C 言語でプログラムを書いた経験のある方ならば、クラスとは struct の概念を拡張したものを考えるとわかりやすいでしょう。struct には char や int のような事前定義されたデータ型が含まれ、他の struct 型が含まれる場合もあります。C++ では、struct 型はデータを格納するデータ型だけでなく、データを操作する演算にも使用できます。C++ のキーワードである class は、C の struct と似ています。使い方としては、多くのプログラマは、C と互換性のある struct 型を表すのに struct を使用し、C では使用できない C++ 機能を持つ struct 型を表すのに class を使用しています。
C++ には、「データの抽象化」の手段としてクラスが用意されています。プログラムのデータとしてどのような型 (クラス) がいいかを最初に決定し、次にそれぞれの型が必要とする演算を決定します。つまり、C++ クラスはユーザーが定義するデータ型と言えます。
たとえば 大きな整数の演算を行う BigNum というクラスを定義する場合、クラス BigNum のオブジェクトと一緒に使用したときだけ意味を持つ + 演算子を定義できます。n1 と n2 が BigNum という型のオブジェクトである場合、次の式は BigNum で定義した + 演算子によって値が決まります。
n1 + n2
operator +() が定義されていないと、クラスの型に対して + 演算は実行できません。+ 演算子は、int、long、float などの組み込み数値型に対してのみ事前定義されています。
このように複数の定義を持つ演算子を「多重定義演算子」と呼びます。
C++ クラスのデータ記憶要素は、「データメンバー」と呼ばれます。演算には、関数と多重定義された組み込み演算子 (特殊な関数) の両方が含まれます。関数は、クラスの一部として宣言されたメンバー関数であることもあれば、クラスの外で宣言される非メンバー関数であることもあります。メンバー関数は、クラスのメンバーにだけ作用します。クラスの非公開メンバーまたは限定公開メンバーに直接アクセスする必要がある場合は、非メンバー関数は「フレンド関数」として宣言されなければなりません。

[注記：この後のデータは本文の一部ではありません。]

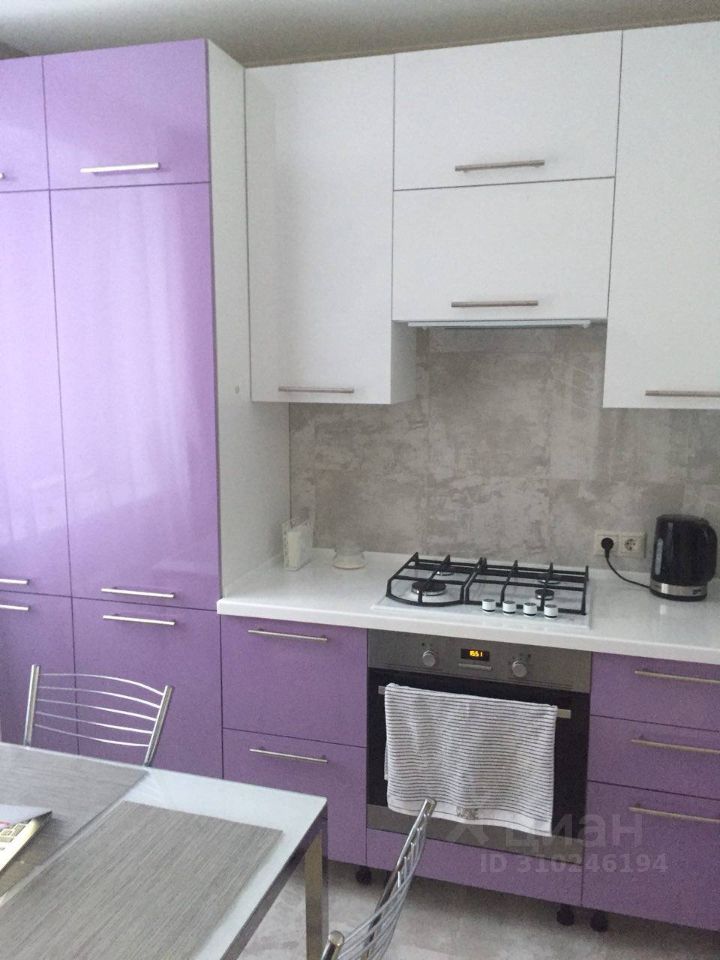 Аренда 2-комн квартиры на вторичном рынке Сабурово пгт, улица Луговая, 3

クラスメンバーへのアクセスのレベルは、public (公開)、private (非公開)、protected (限定公開) という「メンバーアクセス指示子」を使って指定できます。公開メンバーは、プログラム内のすべての関数で使用できます。非公開メンバーを使用できるのは、クラスのメンバー関数とフレンド関数だけです。限定公開メンバーを使用できるのは、基底クラスのメンバー関数とフレンド関数、および派生クラスのメンバー関数とフレンド関数だけです。同じアクセス指示子を基底クラスに適用すると、影響を受ける基底クラスのすべてのメンバーに対するアクセスを限定できます。